A binomial random variable is specified by two parameters, \(n\) and \(p\), and is denoted by:

\[X \sim \operatorname{BINOM}(n, p)\]

Binomial random variables represent the number of times \(n\) Bernoulli random variables are 1 when the probability of seeing 1 is \(p\) (another way to think of this is that if a coin flip is a Bernoulli random variable, then the number of times the coin lands heads-up when flipped \(n\) times is a binomial random variable).

The functions for the binomial distribution are dbinom(), pbinom(), qbinom(), and rbinom(). All of these have arguments size and prob for specifying the parameters n and p of the binomial distribution respectively.

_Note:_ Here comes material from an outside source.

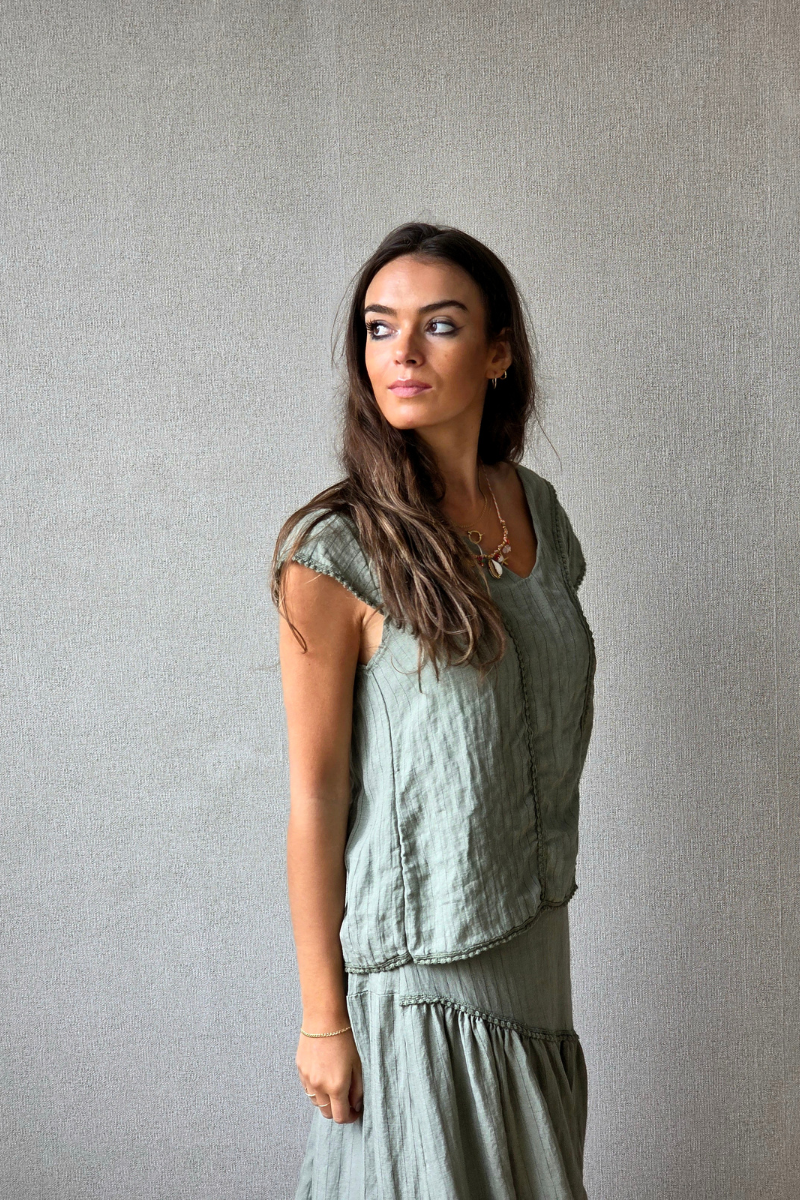 Blusa Rayas Caqui tipo lino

# Let's consider a model where a fair coin is flipped five times.  The pmf
# of the binomial rv:
binom_q <- 0:5
binom_pmf <- dbinom(binom_q, size = 5, prob = 0.5)
plot_pmf(binom_q, binom_pmf)

# The cdf of a binomial rv
binom_q2 <- seq(-1, 6, length = 1000)
binom_cdf <- pbinom(binom_q2, size = 5, prob = 0.5)
plot(binom_q2, binom_cdf, type = "l", xlab = "x", ylab = "probability", main = "cdf", 
    ylim = c(0, 1.1))

# The quartiles of this binomial rv
qbinom(seq(0, 1, by = 0.25), size = 5, prob = 0.5)

## [1] 0 2 2 3 5

# 10 simulated binomial rv
rbinom(10, size = 5, prob = 0.5)

##  [1] 3 3 3 5 4 3 2 2 1 2

Geometric

A geometric random variable is specified by one parameter, \(p\), and is denoted by:

\[X \sim \operatorname{GEOM}(p)\]

This random variable represents how many times a Bernoulli random variable with parameter \(p\) is created until a 1 is seen. (In other words, the number of times a coin is flipped until it lands heads-up is a geometric random variable). The name comes from the fact that the pmf of a geometric random variable is a geometric series, or \(p(x) = p(1 - p)^{x - 1}\).

The functions for working with geometric random variables are dgeom(), pgeom(), qgeom(), and rgeom(). All of these have an argument prob used to represent the parameter p of the geometric distribution.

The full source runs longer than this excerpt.